Trouble is the NHL is not consistent at enforcing its own rules and regulations.
(We'll continue in a moment, after we stifle a giggle about the inadvertent comparison between the Devils signing Adam Mair(notes) for their fourth line and Sidney Crosby being scratched from the Winter Classic. OK, done now.)
Then there are the NHLPA implications, like the ones that came up during the Calgary Flames' roster manipulation in 2009. From Bruce Dowbriggin (via MLive):
The NHL Players' Association ought to be concerned as well. For now, all executive director Paul Kelly will only say is that "the situation demonstrates some of the issues and challenges of the league's salary cap system." But with so many teams in cap hell next year, the PA must be wary of allowing clubs to circumvent the cap by simply skating fewer players than the 18 required by the CBA. It robs players of pensionable days, games toward free agency and other benefits. Plus it puts a greater stress of the short-handed team.
These are valid points. All of them. And the Devils should feel lucky that this is a soft, fleshy part of the CBA rather than a concrete one, in the NHL's eyes. New Jersey has seen first hand when the NHL wants to firm up its bylaws instead of looking the other way -- it's one reason they're in salary cap hell now.
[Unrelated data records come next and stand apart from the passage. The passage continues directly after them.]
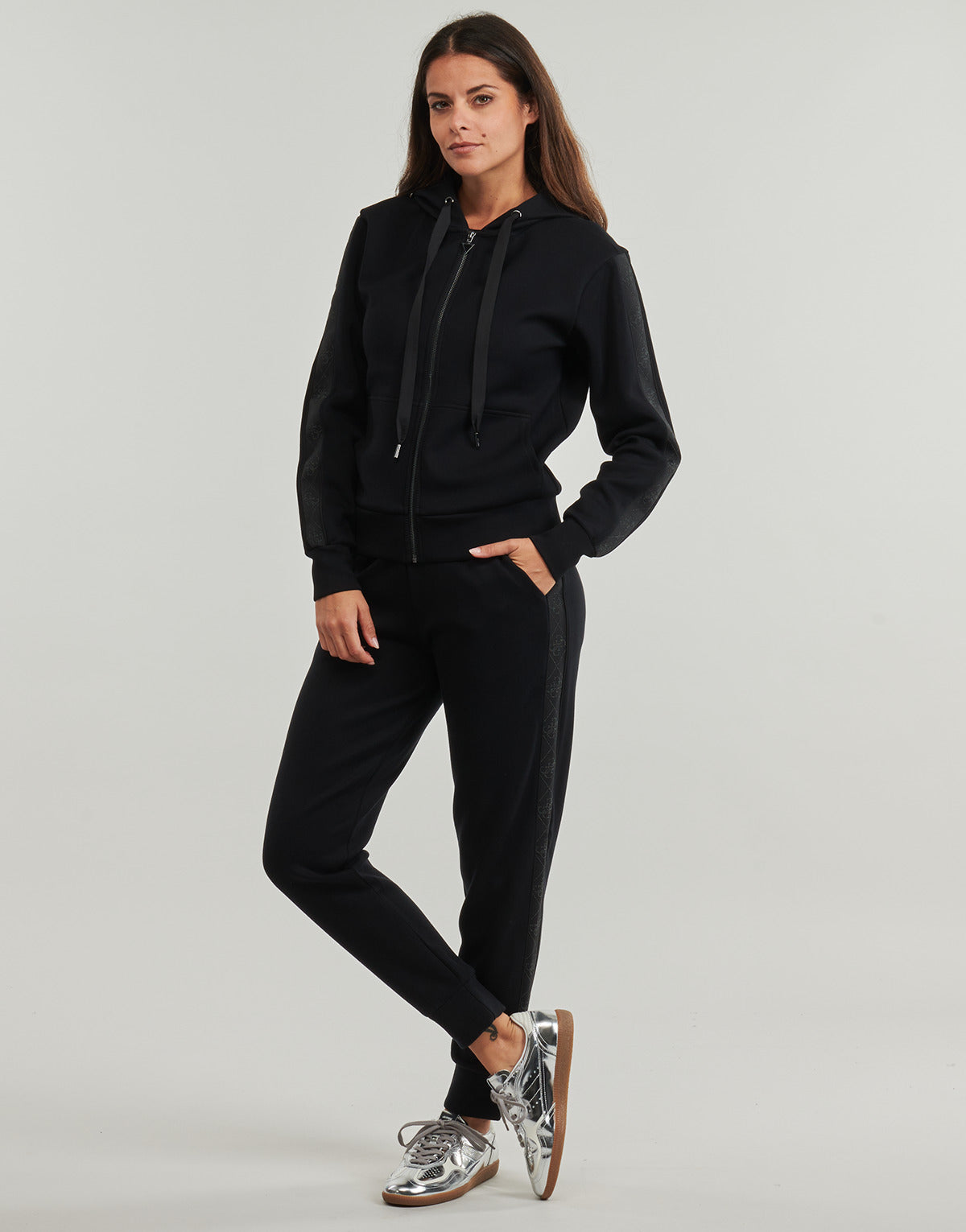 Felpa Donna Guess  NEW HOODED SCUBA  Nero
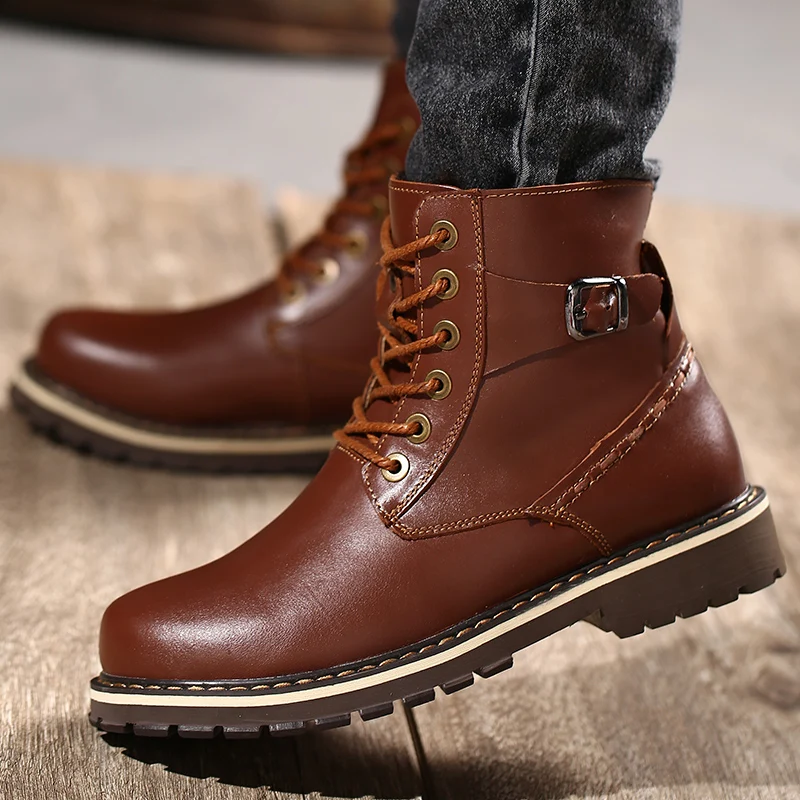 

Classic Mens Ankle Boots outdoor Genuine Leather winter Basic Boots Wingtip Toe Lace Up Zip High Top Men's Shoes big size 49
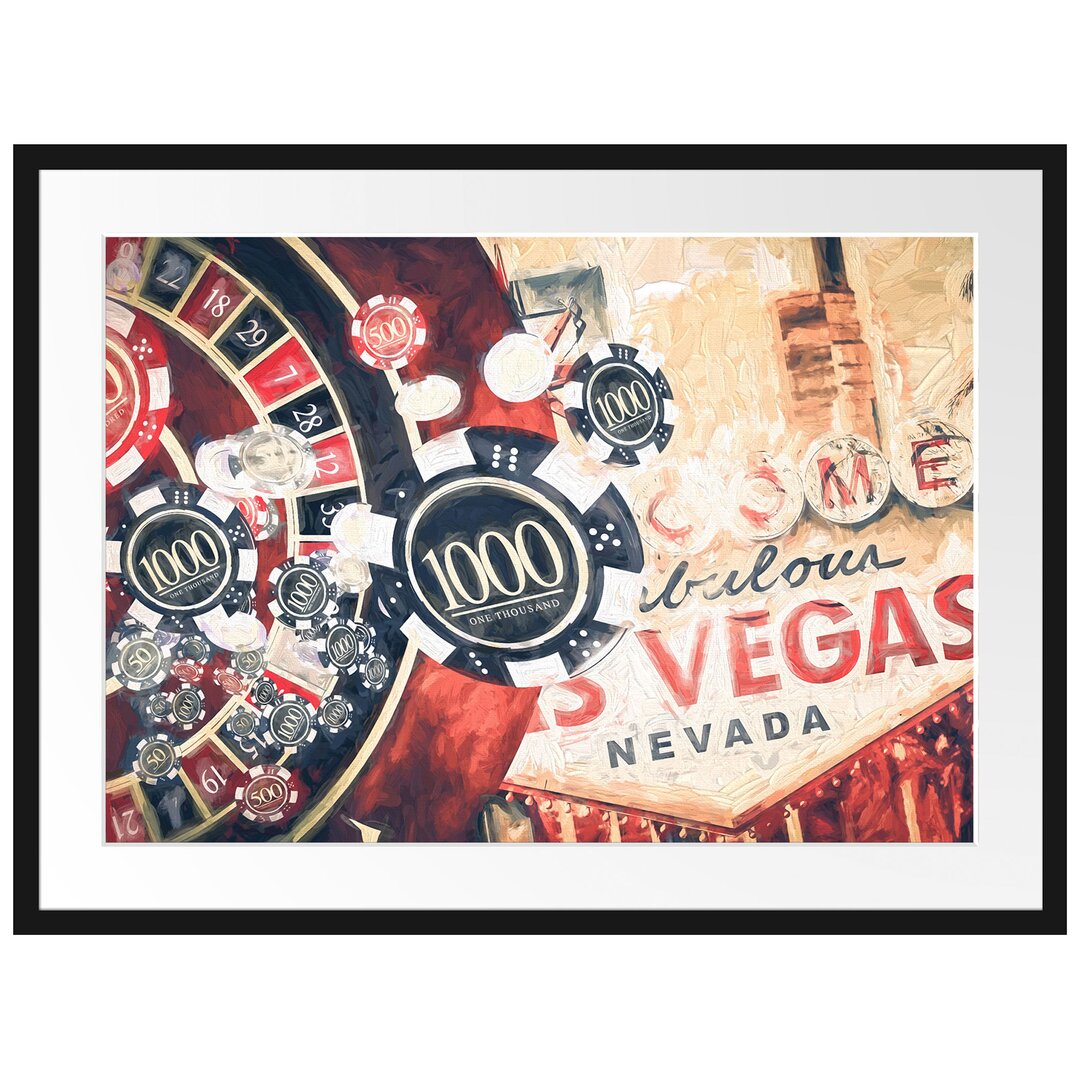 Gerahmtes Poster Las Vegas Casino Roulette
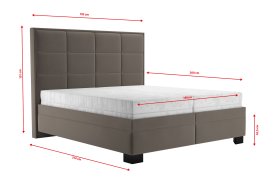 Dvojlôžko Sabrina v rozmere 180x200 cm, v poťahu Tiffany 29 Taupe, rozmery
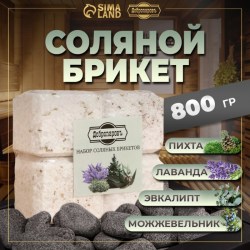 Соляной брикет набор 4 шт «Можжевельник, эвкалипт, пихта, лаванда»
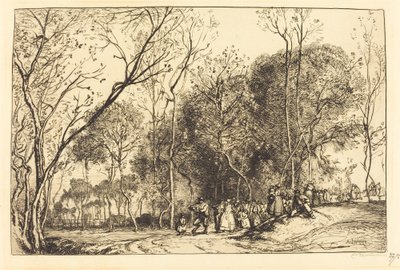 Sommer in Saint-Martin, die vergangenen Hochzeiten (Ete de la Saint-Martin, la noce qui passe) von Auguste Lepere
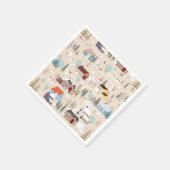 Gezellig Winter Village Scene Patroon Servet (Hoek)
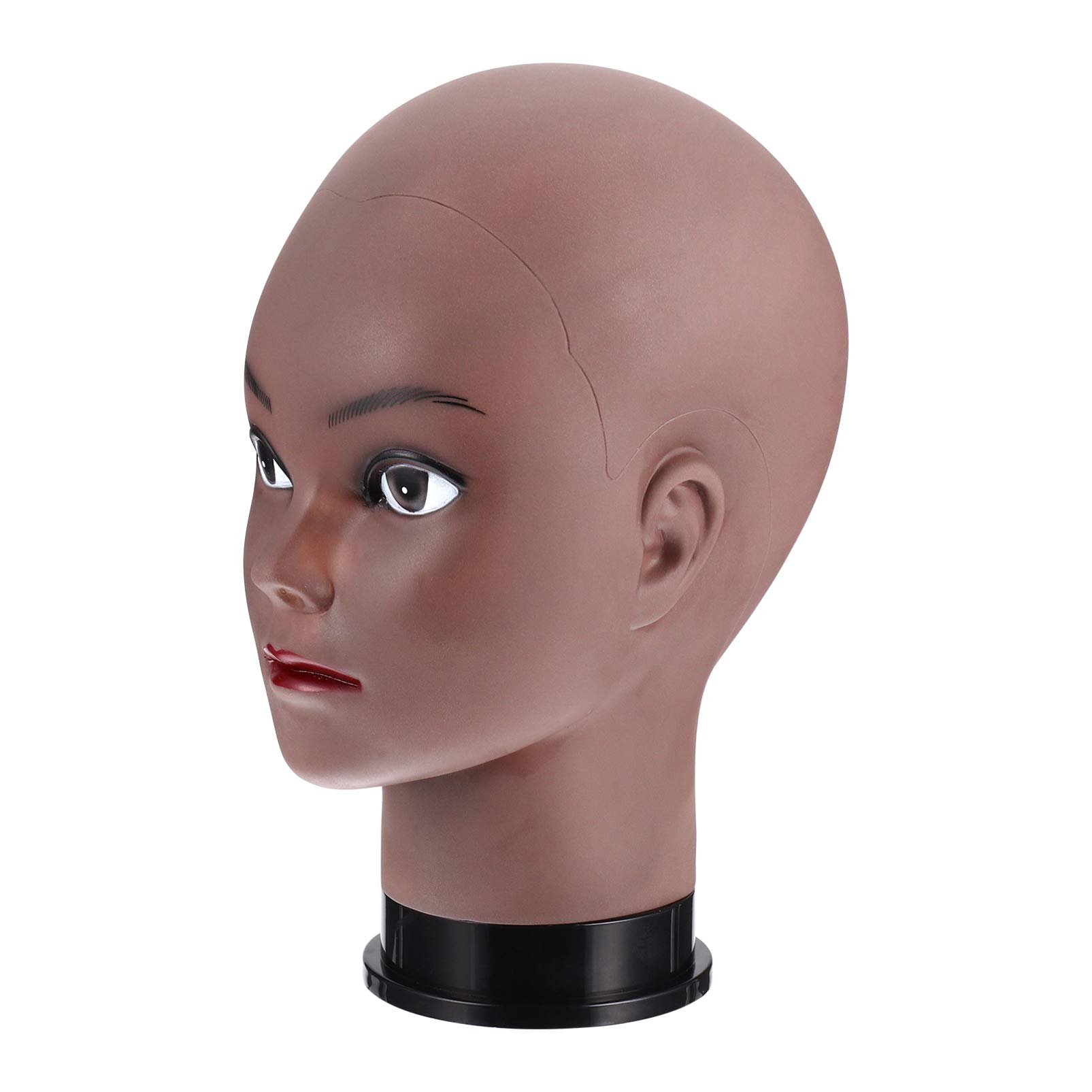 Beaupretty African Black Mannequin Head for Wig Making - PVC Hat Display Stand for Hairstyling Practice & Salon Training | Perfect for Cosmetology Students & Professional Stylists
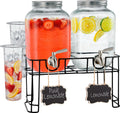 Glass Drink Dispenser with Stand, 1 Gallon, 2-Pack U2110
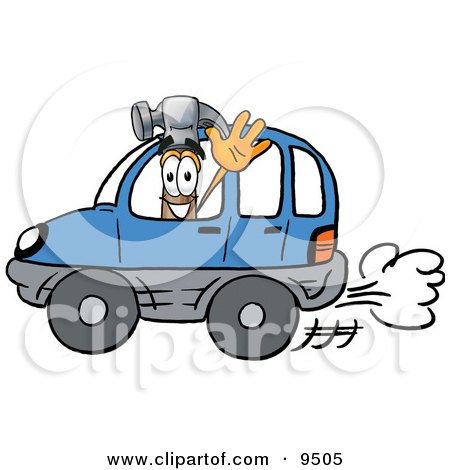 Clipart Picture of a Hammer Mascot Cartoon Character Driving a Blue Car and Waving by Mascot Junction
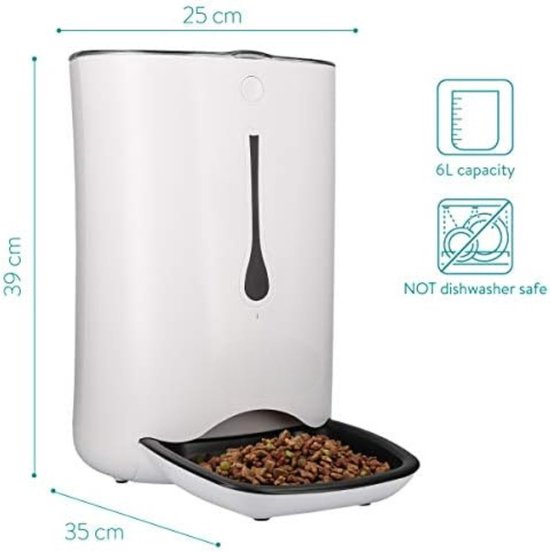 oneisall Automatische kattenvoerdispenser - 5 liter - 2 voerbakken - met één knop - eenvoudige bediening - met roestvrijstalen kom - spraakrecorder - wit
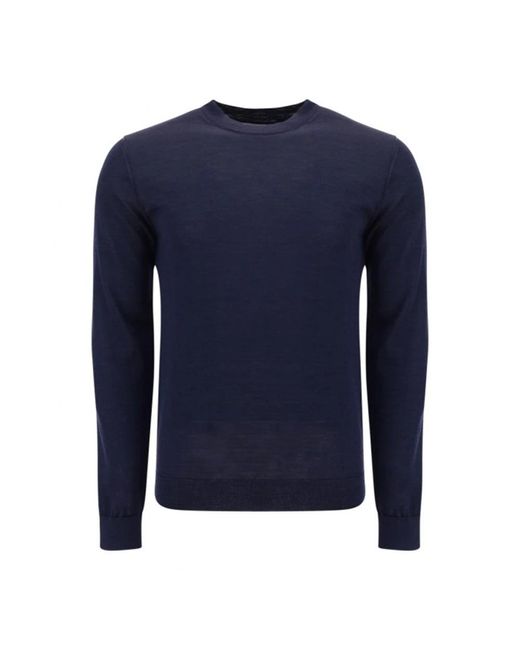 Woolrich Blue Merino Virgin Wool Crewneck for men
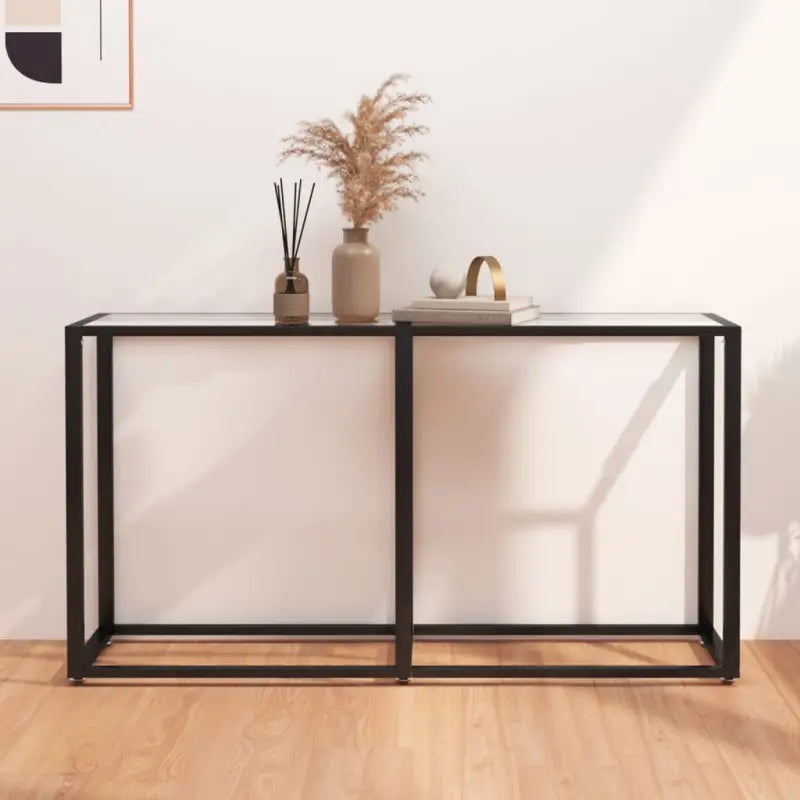 Bijzettafel van gehard glas en gepoedercoat staal voor een stijlvolle woonkamer - Doorzichtig / 1 / 140 cm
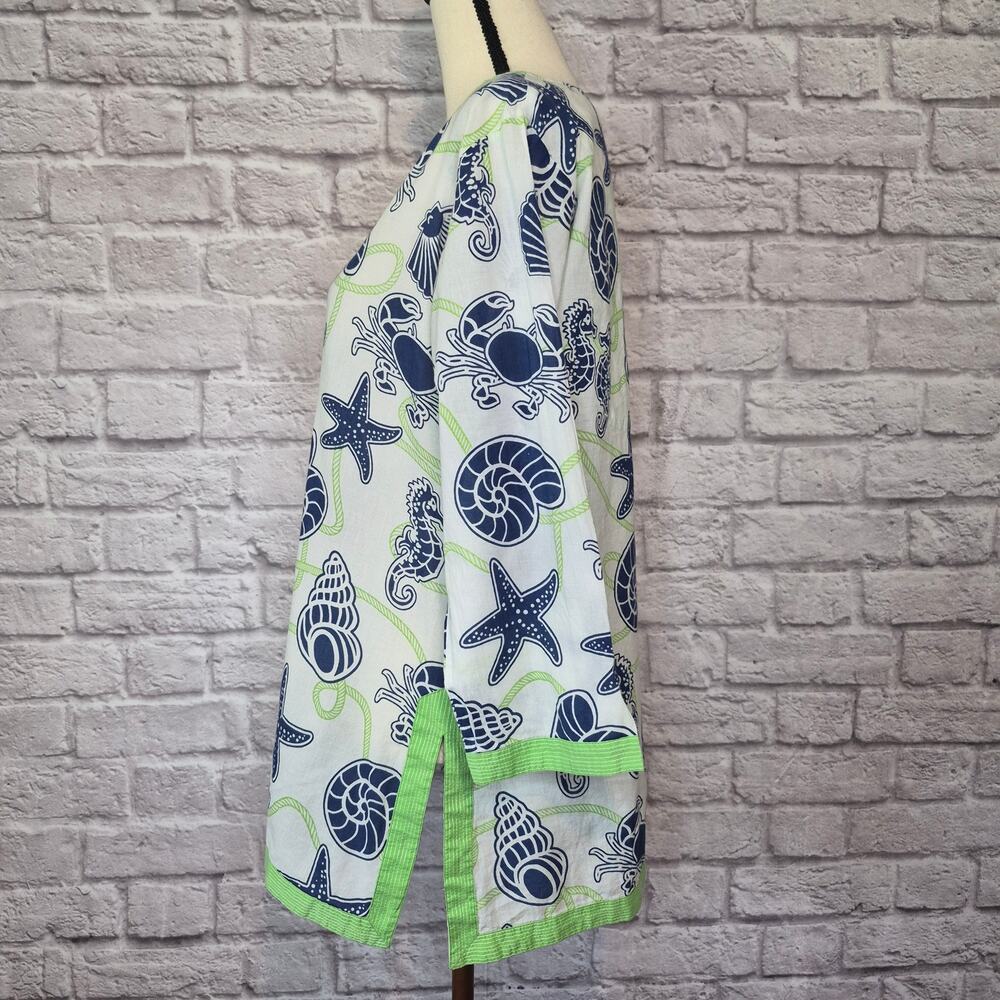 Gretchen Scott Sea Creature Starfish Seashell Tunic Cover Up Top Blue Green Sz M - Picture 5 of 9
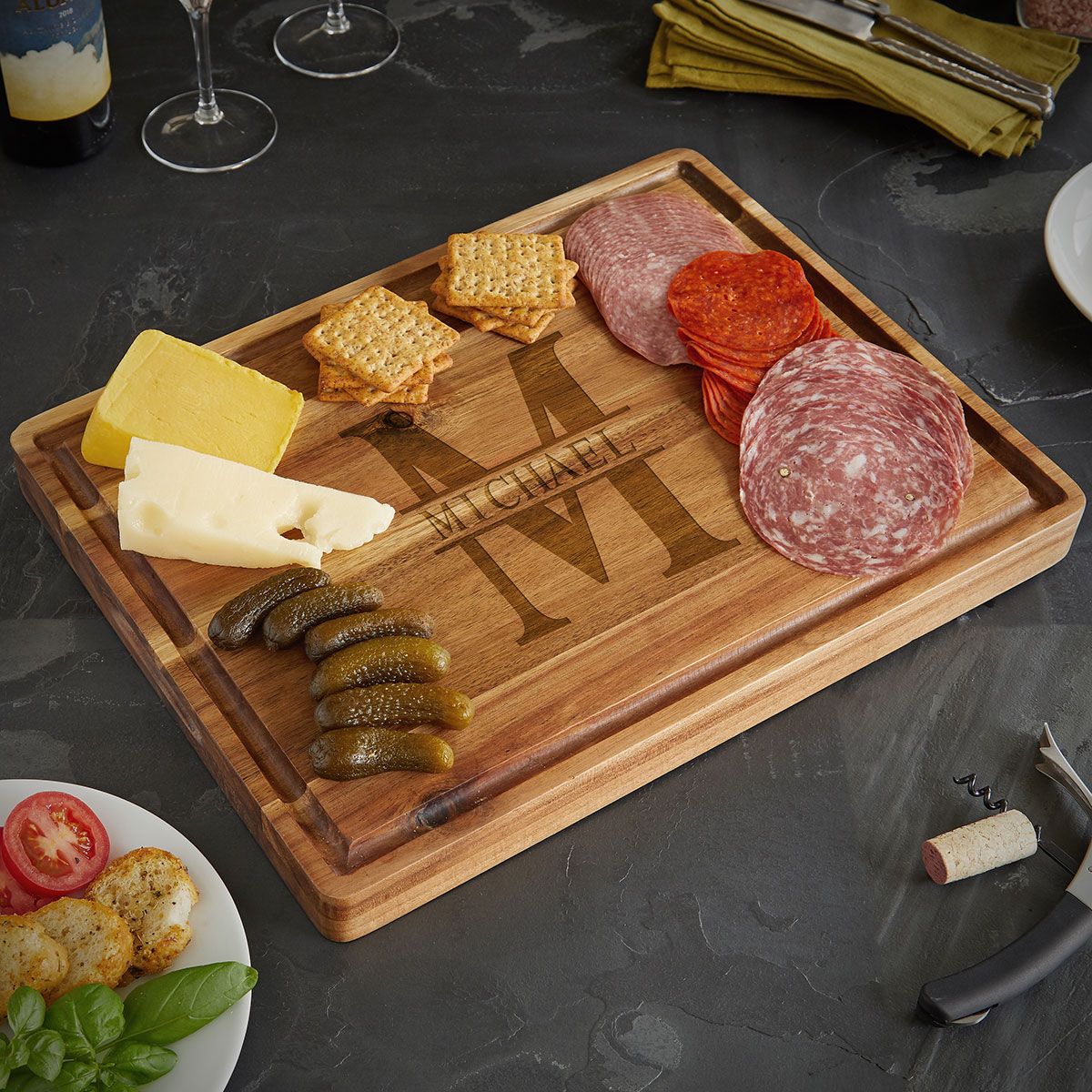 Oakmont Personalized Acacia Charcuterie Board w Juice Groove (1.5in Thick)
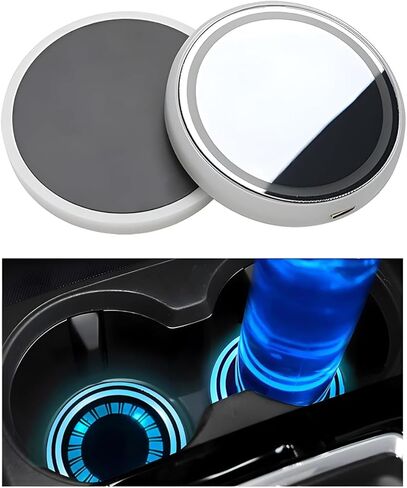 قطعتان من ضوء كوستر حامل أكواب السيارة LED، 7 ألوان متغيرة عبر USB قابلة لإعادة الشحن مع مستشعر للضوء، سجادة مشروبات بمصباح جو مضيء داخلي تلقائي، ملاءمة عالمية (مخلب) in Saudi Arabia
But much like how the League looked the other way on Marian Hossa(notes) making peanuts at the end of this contract or Roberto Luongo(notes) playing until he's 43, this "emergency" roster exception is still in its "winking allowance" phase rather than it's "OK, it's time we make an example of you" phase for the NHL.
As we said yesterday, this is the Devils' own doing: The culmination of bloated contracts and no-movement clauses, along with being handcuffed by the Summer of Kovalchuk investigations.
A few games of leniency from the NHL is understandable, because injuries happen; but if the Devils are allowed to compete with 16 or 15 skaters on multiple occasions this season in an effort to avoid making more difficult decisions with regard to the cap, then they should suffer consequences, either financially through fines or in the loss of (even more) draft picks.
Because it's no different than demanding a team have a payroll that reaches a salary "floor" in order to ice a competitive product.
Because the Devils will never reduce their ticket prices even if the fans are paying to see 3/4 of the lines they should be seeing.
Because it's not the salary cap's fault Lou Lamoriello doesn't know how to correctly manage it.